Uma sentença de Griesa, ratificada pelo Supremo Tribunal em junho, havia determinado que a Argentina não poderia pagar os credores da dívida reestruturada em 2005 e 2010 se antes não pagasse os fundos abutres e os demais investidores que rejeitaram esse refinanciamento, e que mantêm em seu poder títulos públicos não quitados desde a moratória do país sul-americano em 2001. Cristina Kirchner se negou a cumprir essa sentença porque argumenta ser injusto entregar mais aos abutres e outros credores que têm 7,6% da dívida de 2001 do que o valor que o país se comprometeu a pagar aos que trocaram 92,4% daquele passivo. Outro de seus argumentos se baseia em que uma cláusula da dívida reestruturada que vence em 31 de dezembro estabelece que se a Argentina oferecer melhor pagamento aos que rejeitaram a reestruturação, os que a aceitaram poderão reivindicar tratamento igual.
O juiz de Nova York decidirá na próxima segunda-feira se declara a Argentina em desacato por descumprir a sentença de pagar aos abutres
Por isso, em 30 de julho se desatou a crise da dívida da Argentina. Nesse dia, o país teria de pagar 539 milhões de dólares (1,3 bilhão de reais) de títulos chamados Discount (desconto) sob as leis dos EUA e Reino Unido, mas Griesa impediu. The Bank of New York Mellon, que era o banco contratado pela Argentina para a transferência desses fundos, acatou a ordem do juiz e foi punido pelo Governo de Cristina Kirchner com a expulsão do país. Claro que essa instituição norte-americana só operava como banco de atacado na Argentina. Já o Citigroup, encarregado de pagar o Discount emitido em Buenos Aires, foi autorizado naquela ocasião a distribuir o pagamento.

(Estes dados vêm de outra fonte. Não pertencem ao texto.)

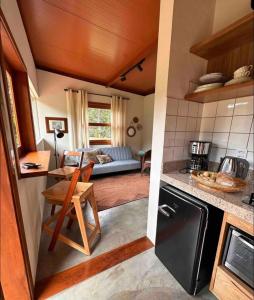 a kitchen and living room with a couch in the background at Chez Ze in Gonçalves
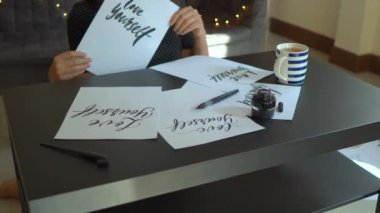 Genç bir kadın kaligrafi yazı yazma tekniği kullanarak bir kağıt üzerinde çekim yakın. O kelimeleri ile çarşafları bakıyor kendini sev ve gülüyor
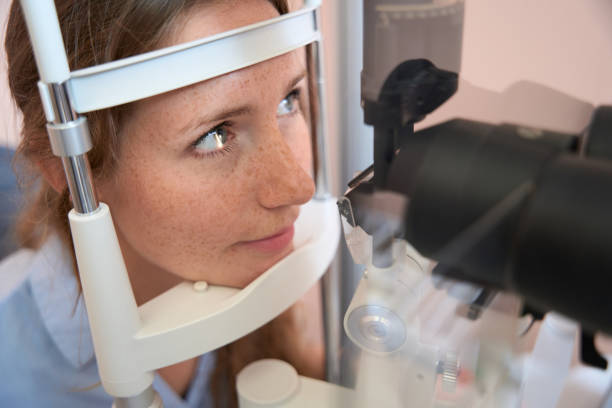 istock Beautiful female is getting eyesight correction in the ophthalmology center 1496743929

Na terça-feira haverá novo vencimento da dívida, o segundo depois da crise de julho. Vencem juros do título chamado Par, tanto nos EUA e Reino Unido como na Argentina. O pagamento dos títulos em Nova York e Londres permanece bloqueado, mas o Congresso argentino aprovou uma lei pela qual o Governo de Cristina Kirchner depositará em território argentino os 166 milhões de dólares que deve aos credores desses títulos. O dinheiro será colocado em contas da sociedade estatal Nación Fideicomisos, em lugar do The Bank of New York Mellon. Se os credores não aceitarem essa mudança de agente fiduciário, deverão propor outro lugar de pagamento que esteja resguardado da sentença dos EUA. Será preciso ver quantos investidores aceitam receber na Argentina, um país com controles de saída de capital e que, com essa medida, busca se esquivar da sentença norte-americana. E também será preciso observar se as classificadoras de risco creditício consideram que os Pars sob a lei dos EUA e do Reino Unido se somam ao que elas definem como “o default restrito” da Argentina, até agora circunscrito aos Discount.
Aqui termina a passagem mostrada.